26/03/2013 günlü, 28599 sayılı Resmi Gazete’de yayımlanarak yürürlüğe giren Sağlık Bakanlığı Atama ve Nakil Yönetmeliğinin 20. maddesinde, “(1) Personelin eş durumu nedeniyle yer değişikliği talebinde bulunabilmesi için;
eşinin, 217 sayılı Devlet Personel Başkanlığı Kuruluş ve Görevleri Hakkında Kanun Hükmünde Kararname kapsamına giren bir kurum veya kuruluşta memur statüsünde çalıştığını belgelemesi gereklidir
(4) Eşlerden biri bir başka kurumda çalışıyor ise; varsa o kurumla yapılan protokol hükümleri dönem beklenilmeden uygulanır. Ancak, başka kurumda çalışan eşin, Bakanlık veya bağlı kuruluşunun personelinden Genel Yönetmelik hükümleri çerçevesinde unvan, kadro ve görev bakımından üst olması veya zorunlu yer değiştirmeye tabi personel olması hâlinde eş durumu ataması değerlendirilerek yapılır. Teşkilatın bulunmaması veya bir başka yerde istihdamı mümkün olmayan hallerde, ilgili Kurumla koordinasyon sağlanarak eş durumu atama talebi değerlendirilir. Bu hâllerde atama yapılamıyor ise 657 sayılı Devlet Memurları Kanununun 72 nci maddesi hükümleri uygulanır.” hükmüne yer verilmiştir.
Memur tayin hakkı, devlet memurlarının görev yerlerinin değiştirilmesi sürecini ifade eder. Bu süreç, çeşitli nedenlerle gerçekleşebilir ve memurun kariyer yolculuğunda önemli bir etken olabilir.
Dosyanın incelenmesinden; uzmanlık eğitimini tamamlayan davacının, eşinin X1 Üniversitesi’nde uzman olarak görev yaptığından bahisle, eş durumu mazereti dikkate alınarak Devlet hizmeti yükümlülüğü kapsamında Ankara iline atanması istemiyle yaptığı başvurunun, davacının kadro ve unvan olarak eşinden daha kıdemli olduğu gerekçesiyle reddedildiği anlaşılmaktadır.

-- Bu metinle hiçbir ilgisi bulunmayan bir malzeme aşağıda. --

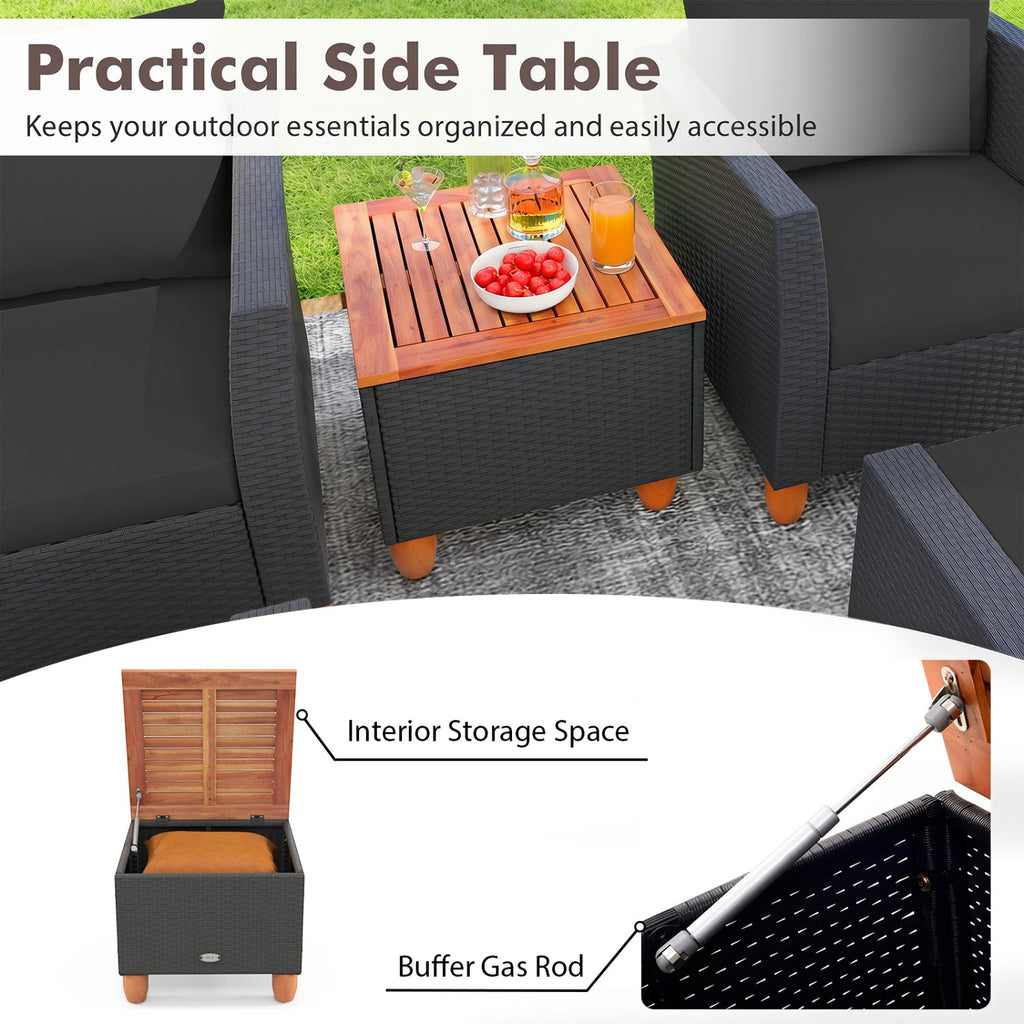 Costway 7-Pc Patio PE Rattan Sectional Sofa Set w/ Armchairs & Table 28739654 New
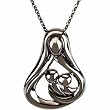 Embraced by the HeartTM Mother with 2 children 18" chain Necklace Sterling Silver by Deborah J. Birdoes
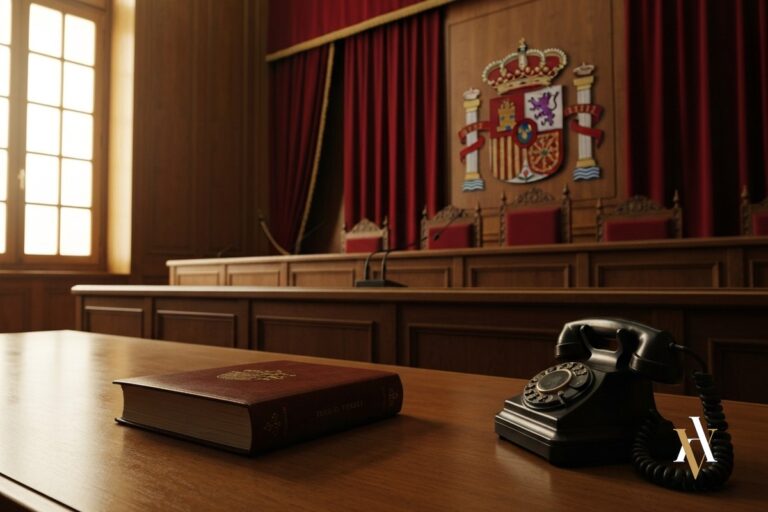 Sala de vistas del Tribunal Supremo con telefono antiguo y codigo penal sobre mesa, escudo de Espana al fondo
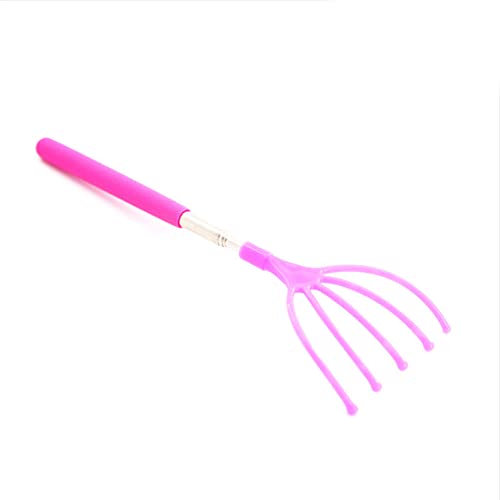 cn herb Telescopic five-claw big hand head massager head scratching multi-color scratching artifact (pink)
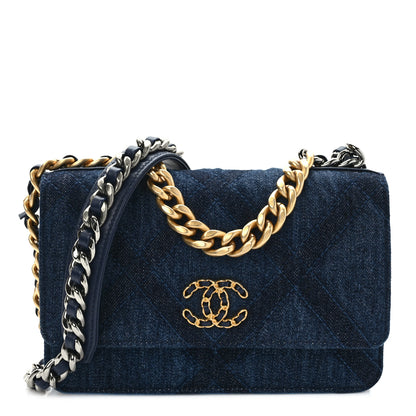 Chanel Denim Quilted Chanel 19 Wallet On Chain WOC Blue 1 of 8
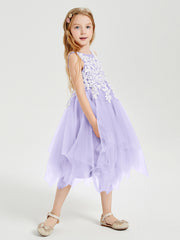 Robes de Demoiselle d'Honneur Junior en Tulle à Longueur de Mollet Lilas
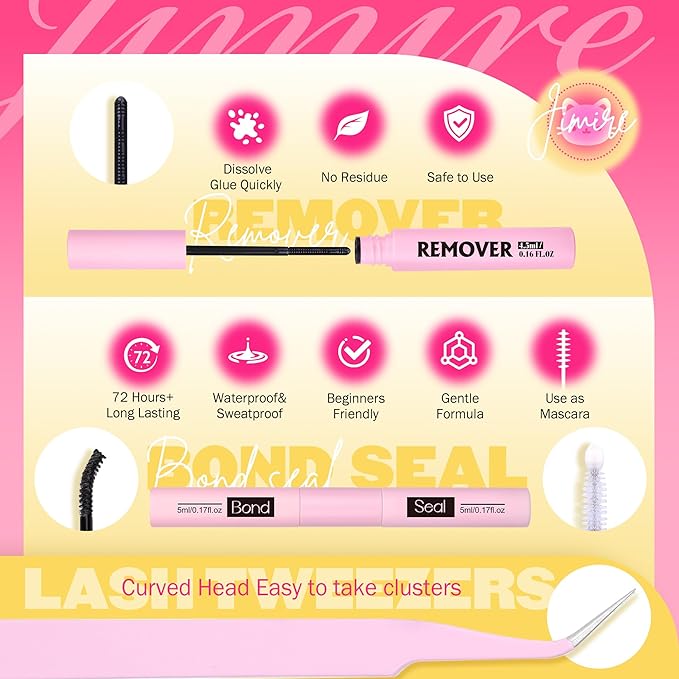Venus Lash Clusters Kit with Bottom Lashes Natural Look Wispy 10-16MM Lash Extension Kit with Lash Bond and Seal, Remover, Tweezers D Curl Cluster Eyelash Extensions Kit Individual Lashes by JIMIRE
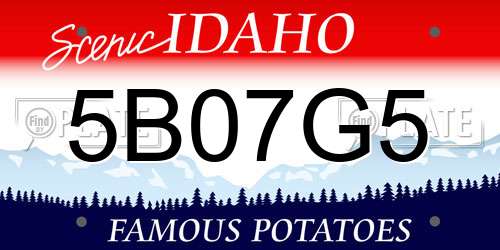 5B07G5 Idaho License Plate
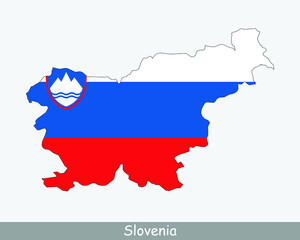Slovenia Flag Map. Map of the Republic of Slovenia with the Slovene national flag isolated on a white background. Vector Illustration.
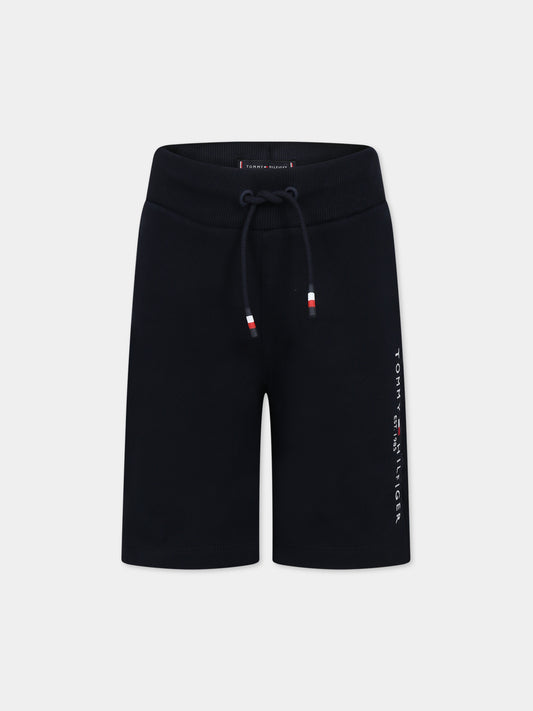 Shorts blu per bambino con logo,Tommy Hilfiger Junior,KB0KB07116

Bu durumda, davacının, 217 sayılı Kanun Hükmünde Kararname Kapsamında bulunan Üniversitede memur kadrosunda çalışan eşinin başka yerde istihdamı mümkün olmadığı gibi, çalıştığı Kurumun başka bir yerde teşkilatı da bulunmadığından,
eş durumu mazereti gözetilerek Devlet hizmeti yükümlülüğü kapsamında Ankara iline atanması istemiyle yaptığı başvuru üzerine, davalı idare tarafından, eşinin çalıştığı Kurumla koordinasyon sağlayarak talebinin değerlendirmesi ve sonucuna göre işlem tesis edilmesi gerekmekte iken, eşi kendisinden unvan ve görev bakımından üstte olmadığı gerekçesiyle başvurunun reddedilmesine ilişkin işlemde hukuka uyarlık, işlemin iptali yolundaki Mahkeme kararında ise sonucu itibarıyla hukuki isabetsizlik görülmemiştir.

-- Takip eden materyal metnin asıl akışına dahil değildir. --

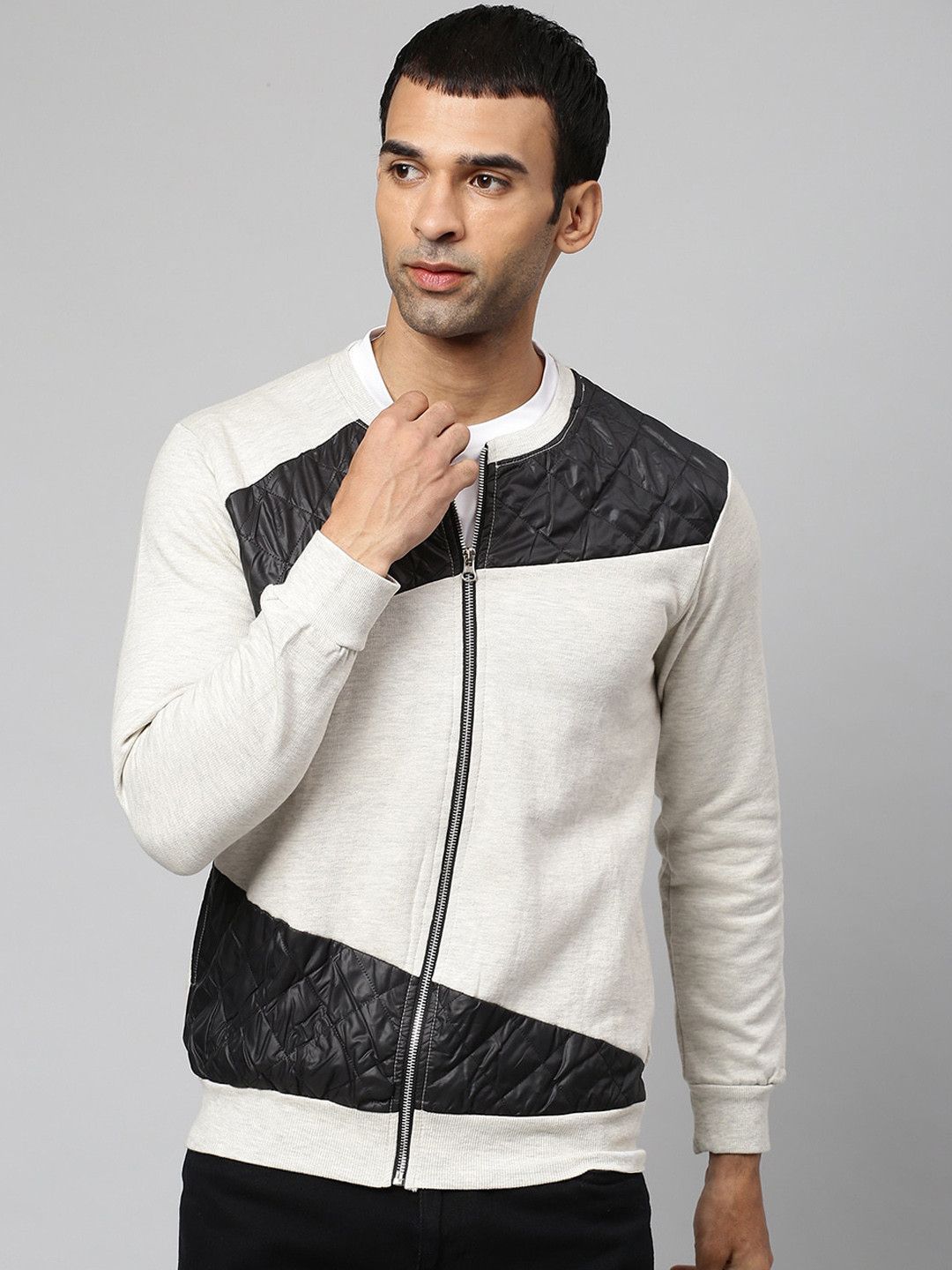 CAHOOT Men Cream-Coloured Black Colourblocked Windcheater Bomber Jacket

Açıklanan nedenlerle, davalı İdarenin temyiz isteminin reddiyle, Ankara 13. İdare Mahkemesince verilen ve hüküm fıkrası itibarıyla hukuka uygun bulunan 04/07/2014 günlü, E:2013/1801; K:2014/1159 sayılı kararın yukarıda belirtilen gerekçeyle onanmasına; temyiz giderlerinin istemde bulunan davalı üzerinde bırakılmasına, 21/01/2016 tarihinde oyçokluğuyla karar verildi.
KARŞI OY:
Üniversitede görev yapan uzmanlar, kadro karşılığı sözleşmeli çalıştıklarından “memur” sayılmamaktadırlar. Davacının eşi, bu nedenle memur sayılamayacağından; davacı, eş durumu özrü yönünden Sağlık Bakanlığı Atama ve Nakil Yönetmeliğinin 20. maddesi kapsamında olmayıp 21. maddesi kapsamındadır. Bu maddeye göre ise, stratejik personel olması nedeniyle eş durumu özüründen yararlanması mümkün bulunmamaktadır.
Buna göre, davacının isteği yasal dayanaktan yoksun olup dava konusu işlemde hukuka aykırılık yoktur.
Kararın bozulması gerektiği görüşüyle onama kararına karşıyız.